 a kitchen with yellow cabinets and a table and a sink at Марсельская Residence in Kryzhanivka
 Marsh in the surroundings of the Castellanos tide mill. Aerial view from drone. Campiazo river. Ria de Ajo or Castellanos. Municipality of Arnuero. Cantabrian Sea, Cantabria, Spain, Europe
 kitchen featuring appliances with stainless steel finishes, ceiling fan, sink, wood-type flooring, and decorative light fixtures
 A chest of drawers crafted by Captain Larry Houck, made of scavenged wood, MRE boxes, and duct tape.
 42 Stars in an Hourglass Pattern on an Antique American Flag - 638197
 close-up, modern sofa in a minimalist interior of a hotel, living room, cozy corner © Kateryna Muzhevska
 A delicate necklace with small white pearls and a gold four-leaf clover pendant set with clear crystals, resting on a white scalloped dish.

+++++

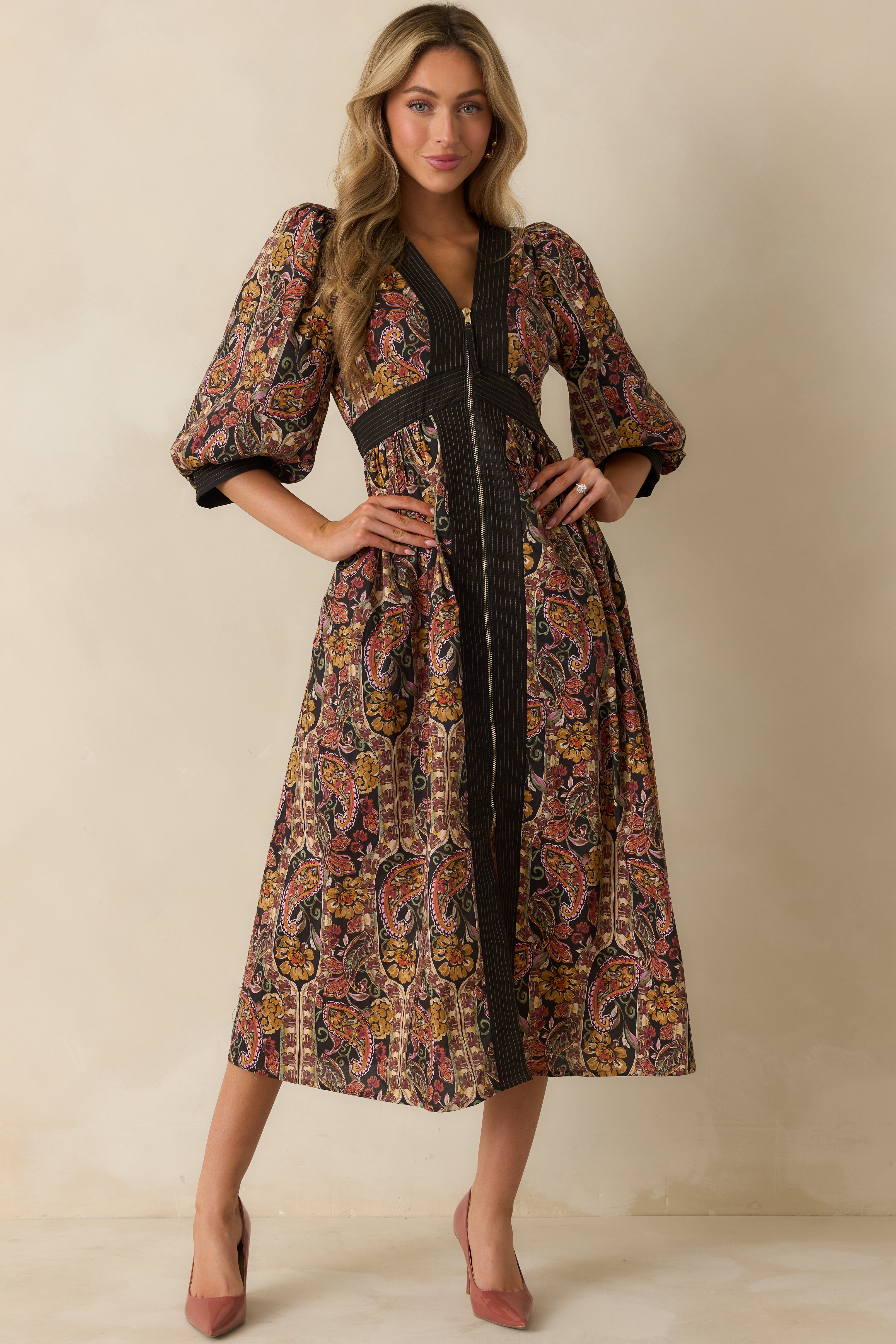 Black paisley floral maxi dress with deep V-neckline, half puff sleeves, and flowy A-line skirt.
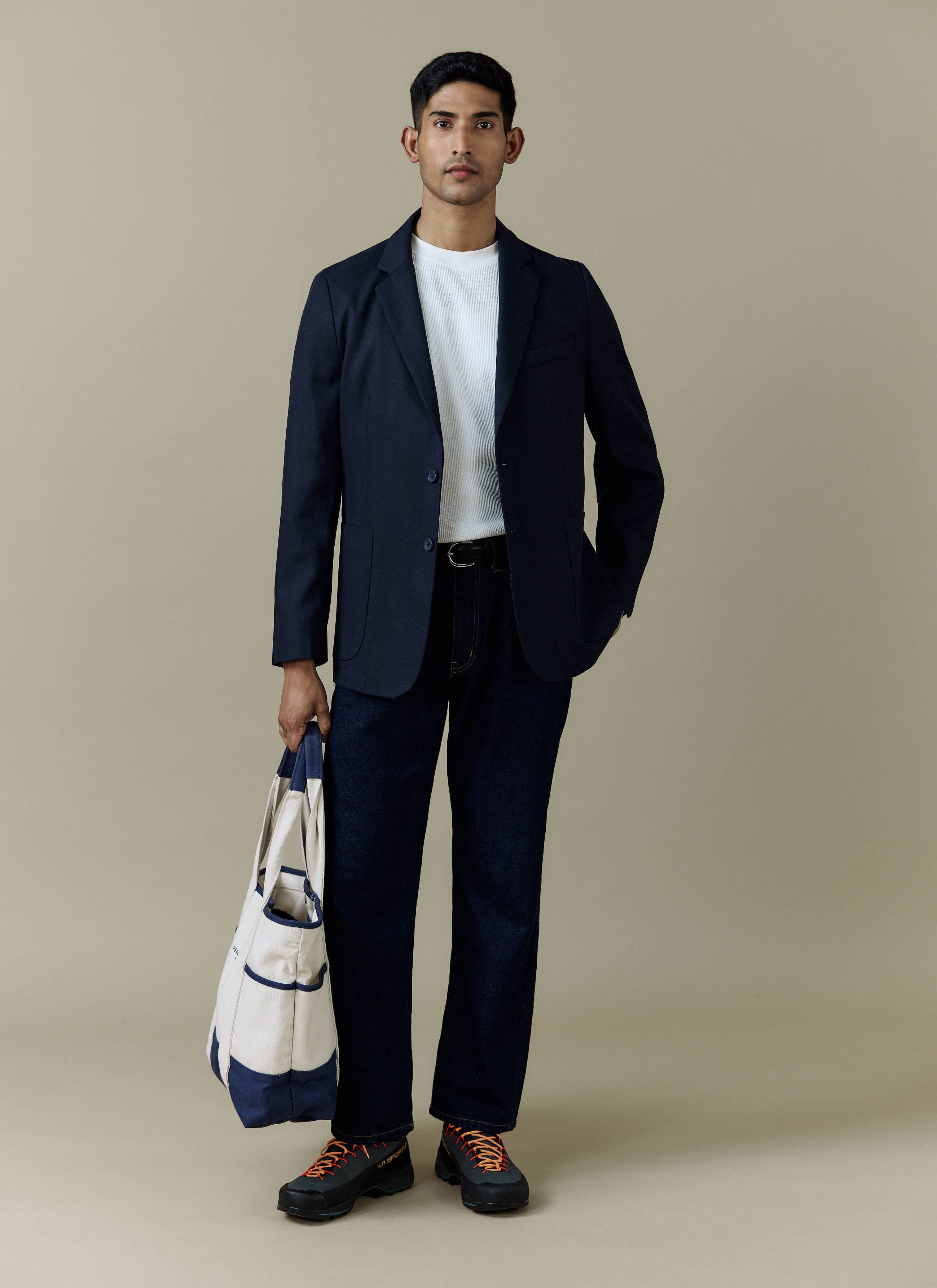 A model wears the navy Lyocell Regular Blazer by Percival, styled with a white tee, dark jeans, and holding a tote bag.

+++++

— Problem description —
Begin at the line in the entries above that has "Black paisley floral", stop after the line that has "A model wears", and output exactly those lines without pictures.

— Solution to this task —
 Black paisley floral maxi dress with deep V-neckline, half puff sleeves, and flowy A-line skirt.
 A model wears the navy Lyocell Regular Blazer by Percival, styled with a white tee, dark jeans, and holding a tote bag.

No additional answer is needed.